◆ Task instructions ◆
Look in the listing below for the line that has "Producto - Combo PICA-2 - Dos F.450", then return it and each following line up to and including the one with "Axel shoulder bag iris image number null", exactly and without pictures.

*** Opening Provided records ***

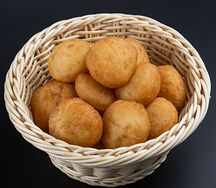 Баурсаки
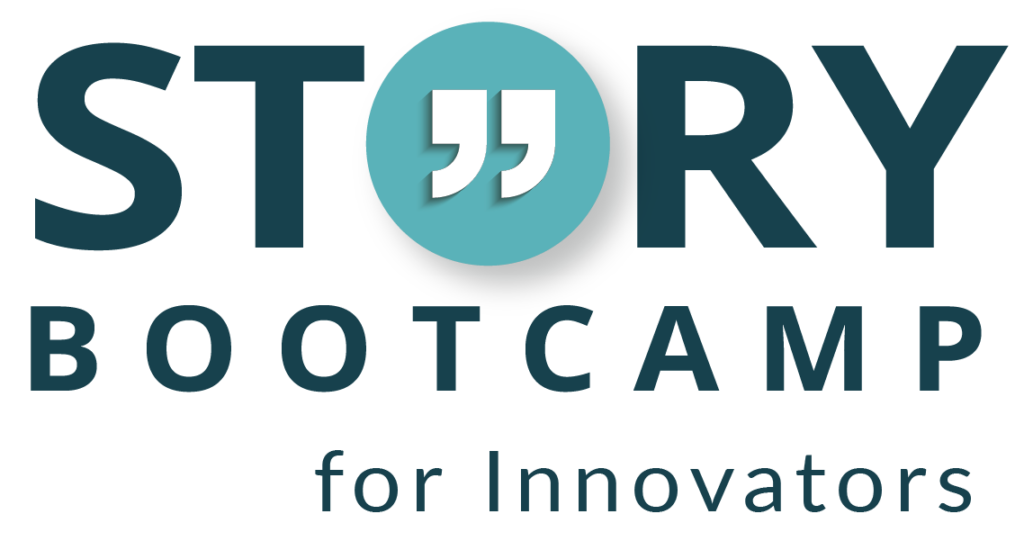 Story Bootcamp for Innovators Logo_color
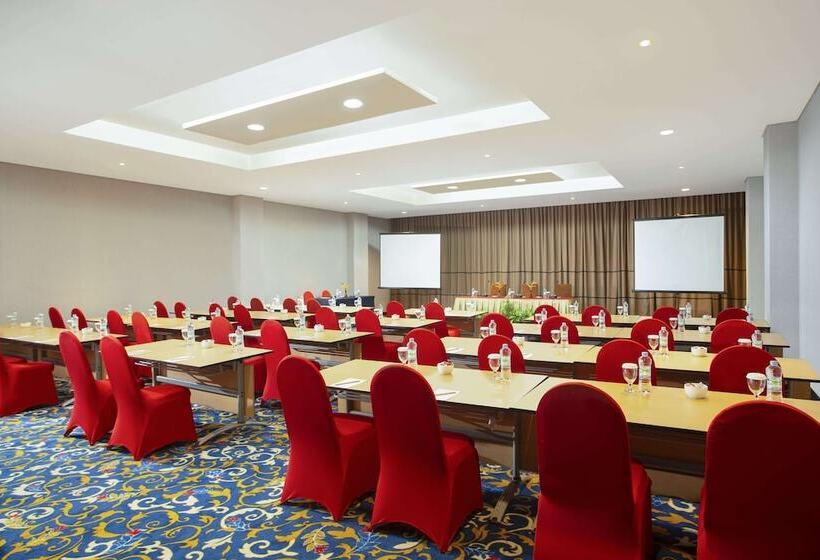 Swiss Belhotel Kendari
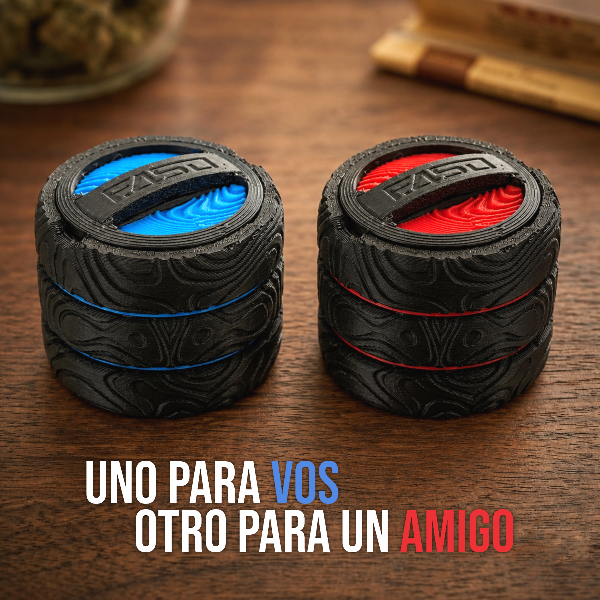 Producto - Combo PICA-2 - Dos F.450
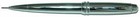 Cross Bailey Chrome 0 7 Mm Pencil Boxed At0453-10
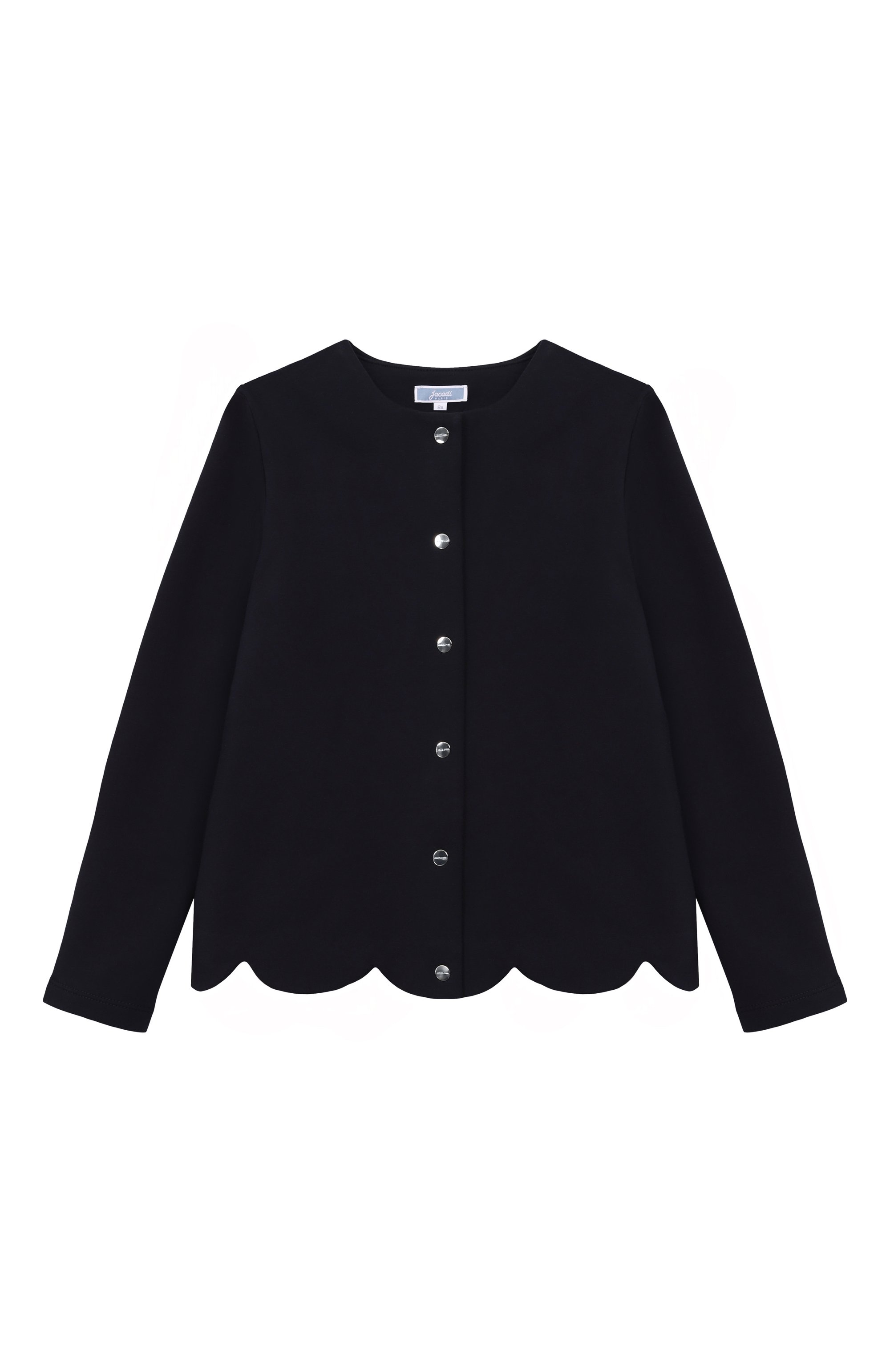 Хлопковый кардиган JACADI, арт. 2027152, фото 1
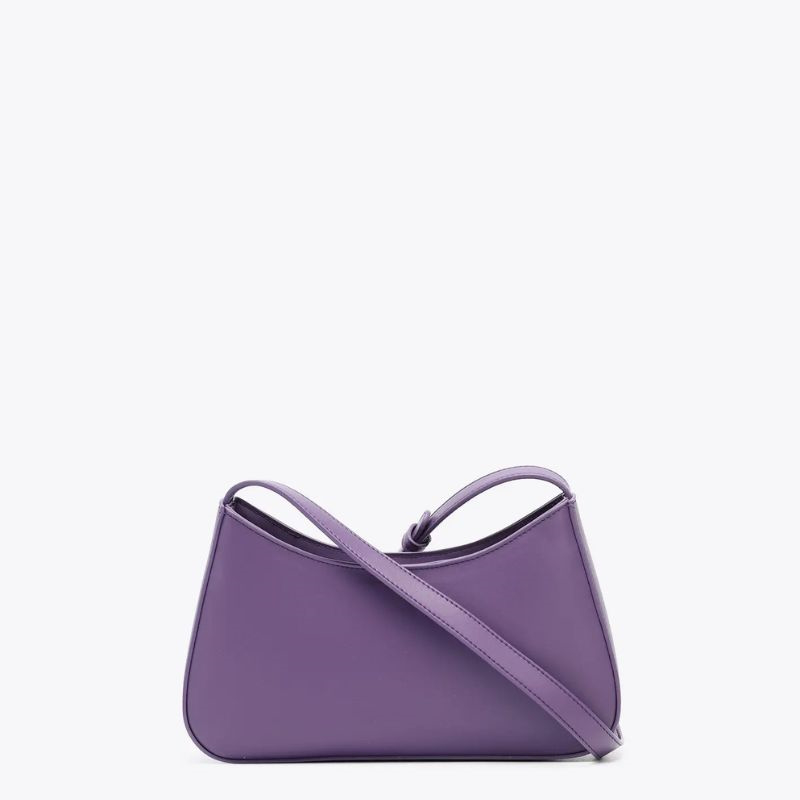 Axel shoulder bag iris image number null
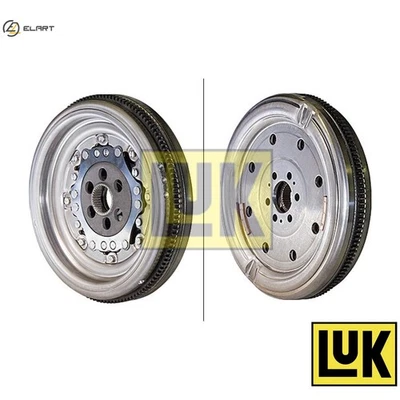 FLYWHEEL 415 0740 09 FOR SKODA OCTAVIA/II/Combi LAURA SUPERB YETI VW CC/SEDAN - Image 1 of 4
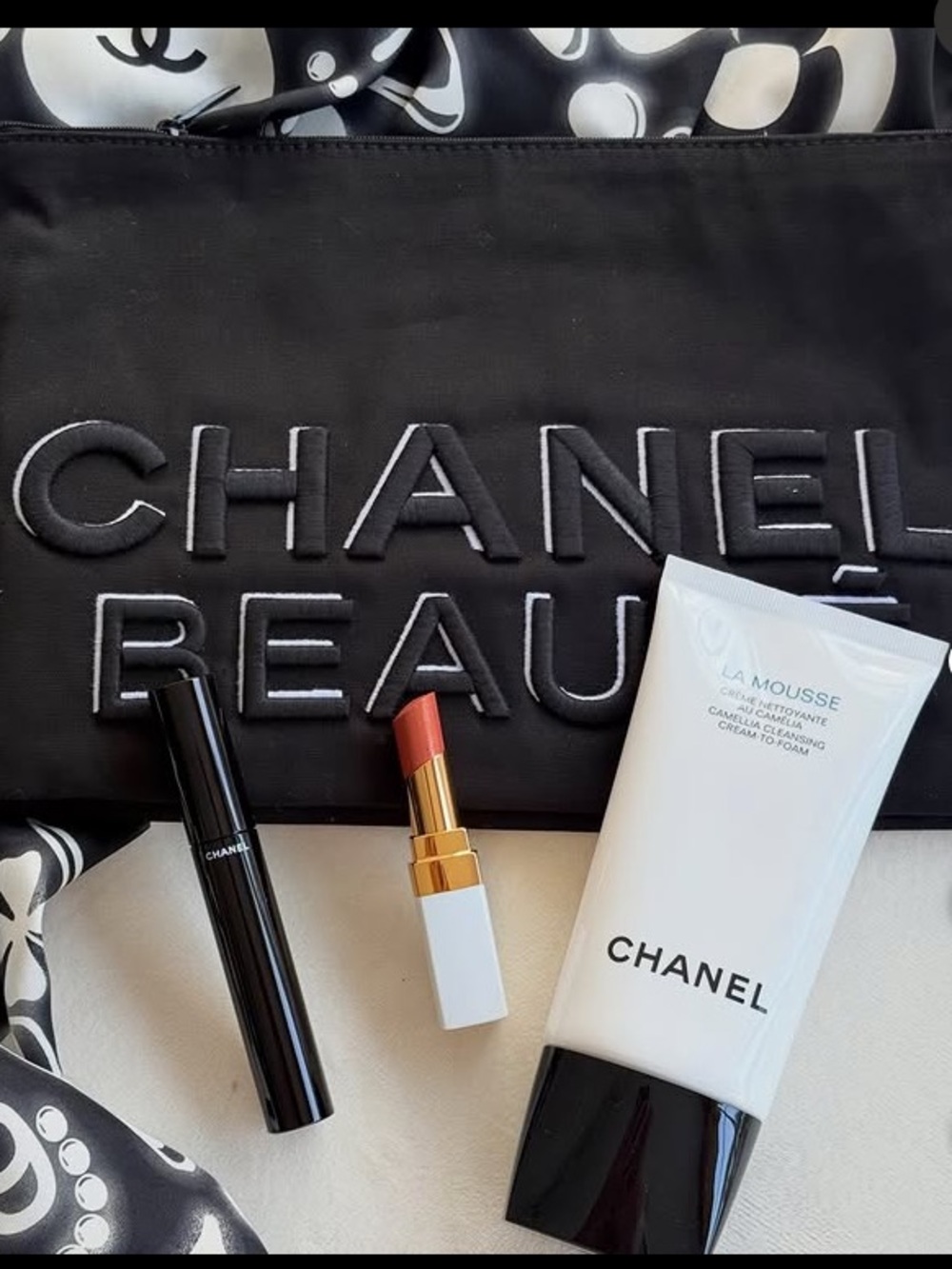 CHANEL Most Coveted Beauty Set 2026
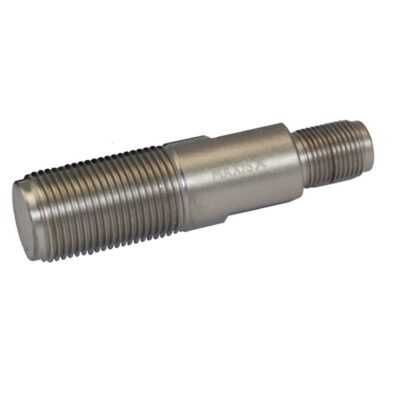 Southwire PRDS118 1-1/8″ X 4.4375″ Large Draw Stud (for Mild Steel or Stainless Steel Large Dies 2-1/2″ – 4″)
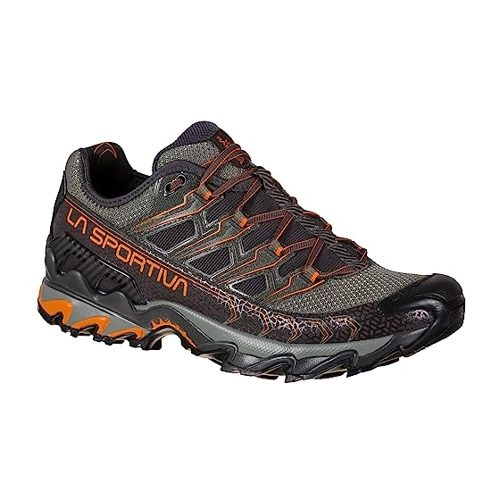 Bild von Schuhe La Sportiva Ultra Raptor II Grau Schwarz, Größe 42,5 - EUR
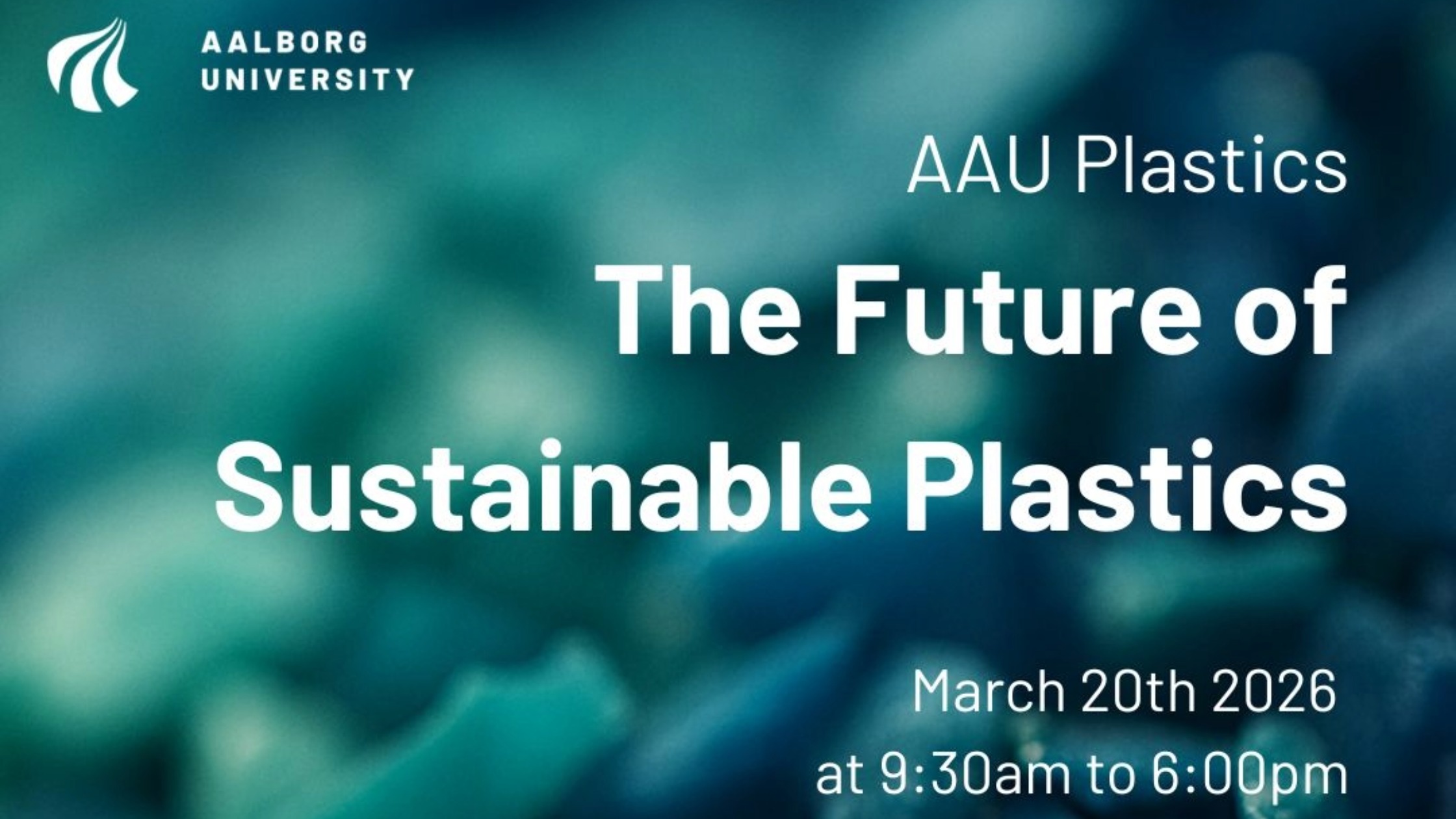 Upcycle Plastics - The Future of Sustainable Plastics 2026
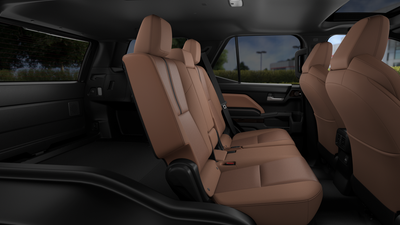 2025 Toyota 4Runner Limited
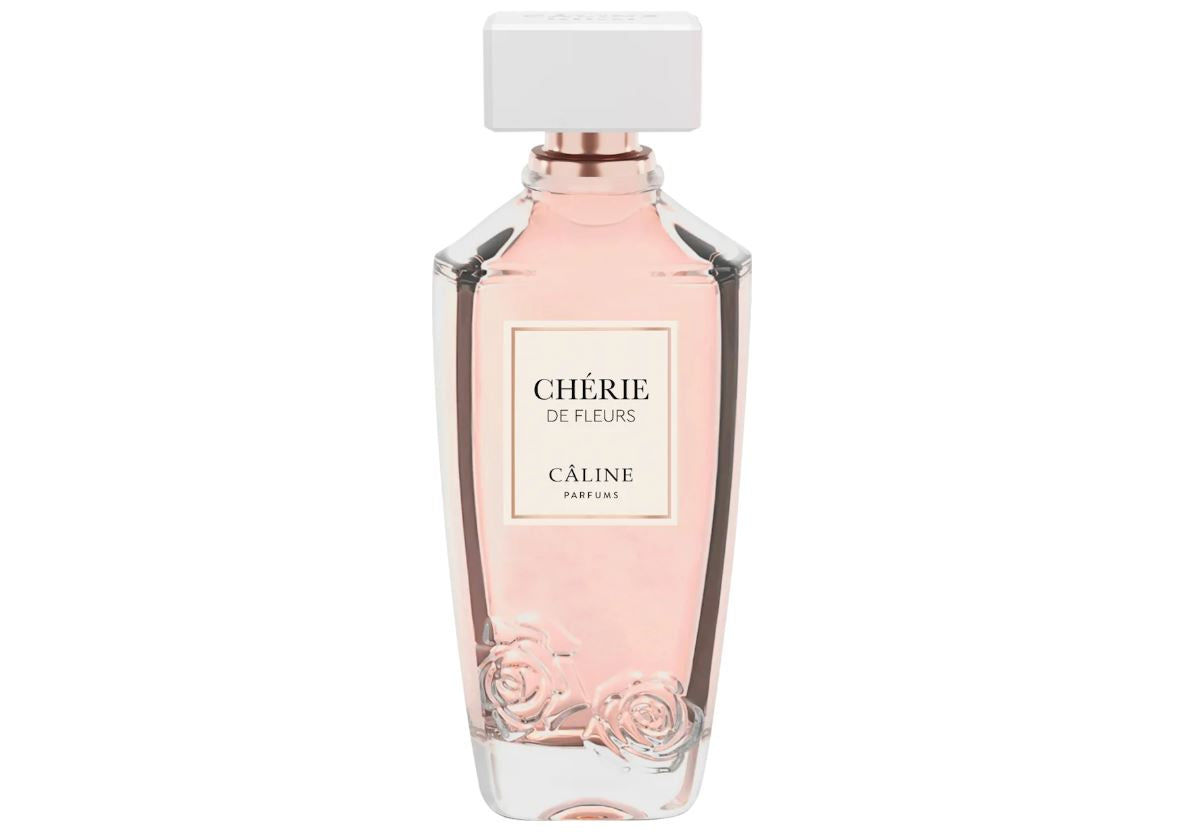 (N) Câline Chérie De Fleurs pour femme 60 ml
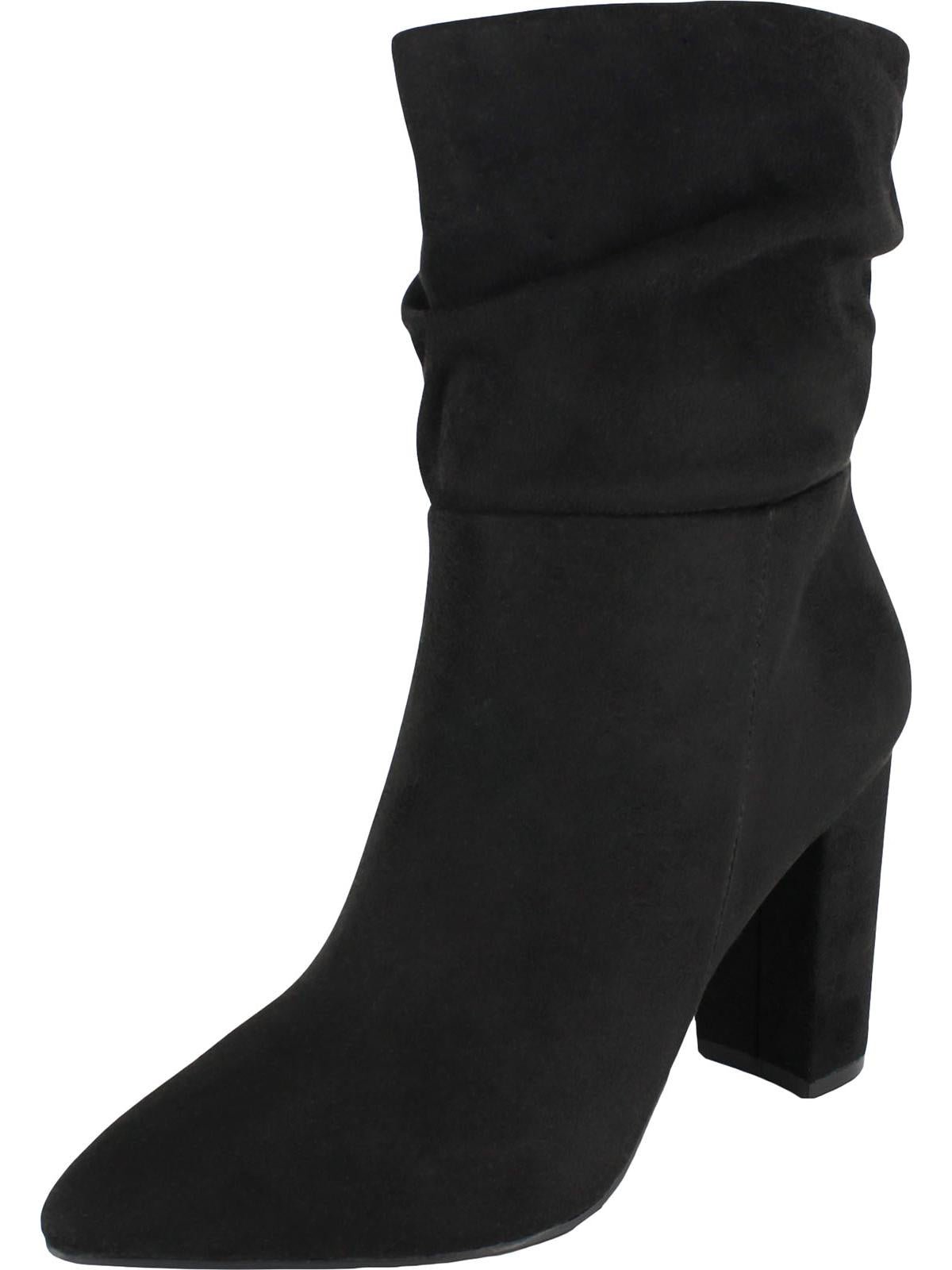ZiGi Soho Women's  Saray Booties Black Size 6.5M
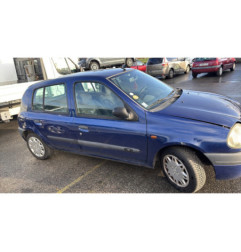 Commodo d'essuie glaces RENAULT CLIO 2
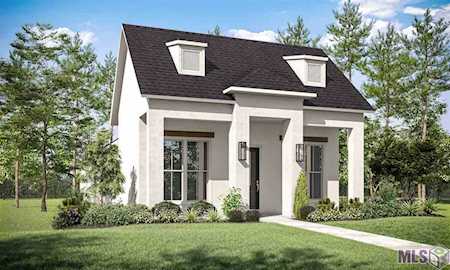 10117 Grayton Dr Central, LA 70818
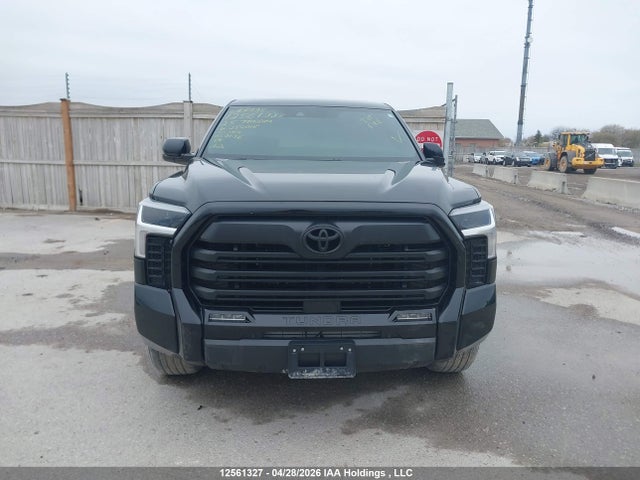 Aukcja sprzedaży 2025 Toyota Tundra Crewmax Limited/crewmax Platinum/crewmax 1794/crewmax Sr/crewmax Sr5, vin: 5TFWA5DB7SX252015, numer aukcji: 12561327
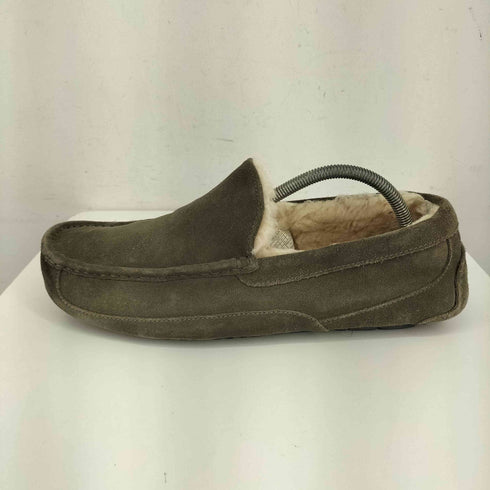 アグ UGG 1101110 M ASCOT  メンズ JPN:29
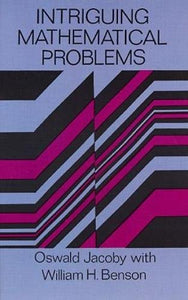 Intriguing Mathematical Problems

*** Closing Provided records ***

◆ Answer section ◆
 Producto - Combo PICA-2 - Dos F.450
 Cross Bailey Chrome 0 7 Mm Pencil Boxed At0453-10
 Хлопковый кардиган JACADI, арт. 2027152, фото 1
 Axel shoulder bag iris image number null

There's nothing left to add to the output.